This idea exploration was partially inspired by open-source methodologies. Fact: a good idea can come from anywhere. Fact: there’s power in numbers. Fact: There’s something remarkable about a large brand humanizing itself through open collaboration with its customers.

The Kraft Product Ideation Center is a concept that would bring Kraft Kitchen Labs directly to the people. Experiences could include cooking lessons, cooking experimentation, Q&A sessions, fun collaboration, sampling and many others. Imagine a kiosk in your local mall or market with professional guides, cooks and experts.

It would provide a unique opportunity for real customers to engage with typically closed-door activities. The results would be fantastic with a vast array of potential benefits.

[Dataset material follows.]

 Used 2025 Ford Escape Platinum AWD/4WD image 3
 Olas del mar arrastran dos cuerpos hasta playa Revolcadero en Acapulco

Here are a few meaningful experiential virtues of the concept:

  • Tasting and testing – now who doesn’t love samples? They are especially tasty when you make them yourself!
  • Community outreach – a physical installation like this humanizes the large brand, provides more accessible representations of itself and establishes a friendly presence within the community.
  • Research tool – as a critical driver of innovation, research can be accumulated from the consumers upward.
  • Marketing tool for new products – live demonstrations of recipes in action can inspire purchases and meal concepts that could potentially find permanent homes in the menus of local families.
  • Collaborative problem solving – Kraft becomes the facilitator of communal cooking experiences.
  • Expert experience & advice – this type of engagement can help reinforce Kraft’s expertise in the kitchen, perhaps providing a new dimension of appreciation for the brand.

Good innovations often appear obvious in hindsight. In many ways, these Kraft Ideation Centers seem so palpable that it’s amazing they don’t already exist. It is important that we stretch beyond conventional systems of thought – especially when addressing classic brands like Kraft – when operating in the world of idea exploration.

Kraft is not famous for its service offerings, but rather for its products. Perhaps innovation in service design can help fuel inventive product design. Opening the conversation in physical spaces may produce valuable results that are driven by many factors that were only hinted at above.

What are your thoughts this type of  model?